A fair reading of the statute reveals that when a child has been adjudicated abused, the juvenile court is permitted to devise an order that controls a parent's conduct in order to prevent harm or detriment to the child. The power of the juvenile court to impose such an order is not, and should not be, unbridled. Despite the paucity of case law interpreting the statute, it appears that an order issued under R.C. 2151.359 rests within the sound discretion of the juvenile court and will not be disturbed on appeal absent an abuse of the court's discretion. See, generally, Carter v. Johnson (Sept. 25, 1986), Cuyahoga App. No. 51985, unreported, 1986 WL 10853. Abuse of discretion connotes conduct on the part of the court that amounts to more than error of law or judgment; it implies an attitude that is unreasonable, arbitrary or unconscionable.Ruwe v. Bd. of Springfield Twp. Trustees (1987), 29 Ohio St. 3d 59,61, 29 OBR 441, 443, 505 N.E.2d 957, 959.
In ordering appellant to receive sex offender treatment, the juvenile court wrote:
"The most significant finding of this Court at the hearing on the GAL's [guardian ad litem's] motion was that the evidence (testimony of Doxey and Fisher) added credibility to the issue of the original allegations of abuse of the child by [appellant]. In that the possibility of abuse of the child by [appellant] is now more apparent, it is imperative that the supervisors remain ever vigilant, not only to prevent future abuse, but to protect [appellant] from unfounded allegations of abuse.
"It is now clear to this Court that [appellant] must receive treatment as an alleged sexual offender. The issue of abuse must be openly addressed, not only to protect the child in the future but to remove the potential of empowerment in *Page 459 the hands of the child, with the eventual goal of normalizing the relationship between child and parent."
In light of the juvenile court's reasoning, it is my belief the order requiring appellant to receive treatment was not arbitrary, unreasonable or capricious. The court adjudicated the child abused. The thrust of the evidence elicited at the hearing pointed to appellant as the perpetrator. In fact, the child did not levy any allegation of abuse toward anyone other than appellant. Given these facts, the order made by the court is proper in that it will help protect the child from future abuse. See Ward v. Royer (July 15, 1991), Clermont App. No. CA90-09-090, unreported, 1991 WL 129797 (where there are allegations that father sexually abused his daughter, but no evidence of such abuse, it is permissible for trial court to order the father's visits to be supervised and to eliminate overnight visitation in an effort to protect the child from potential abuse). Moreover, appellant's treatment will also protect him, as he will be educated to recognize and avoid situations which have the potential to form the basis of future abuse allegations. Under these circumstances, I am of the opinion that the juvenile court's order was intended to help stabilize the relationship between the child and appellant, and was therefore in the child's best interest.

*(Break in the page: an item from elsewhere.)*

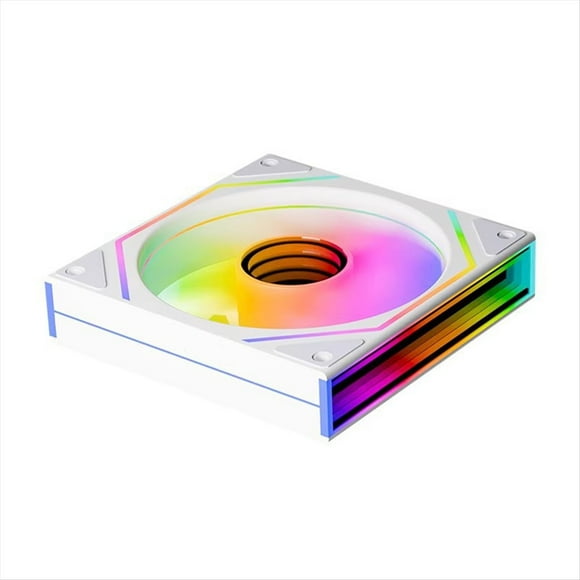 Ventilador ARGB para PC 120 mm,Ventilador para Caja PC,Ventiladores Refrigeración CPU PWM ,3 Pines,5 V,RGB,12 cm,Ventilador para Computadora Gaming,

Further, as I see it, the rule of law announced by the majority adds a condition to R.C. 2151.359 which is clearly erroneous. According to the majority, a juvenile court may not order a parent of an abused child to undergo sex offender treatment unless the finding of abuse has been made as to that parent. The statute requires no such finding. All that R.C.2151.359 demands in order for a court to make an order to control the conduct of the parent of an abused child is that the order be necessary to control conduct that is harmful or detrimental to the child. Had the General Assembly wanted to make a finding of fault a prerequisite to a R.C. 2151.359 order, it surely would have done so. For the reasons set forth above, I believe that under the facts of the instant action, the order compelling appellant to receive treatment was well within the court's power.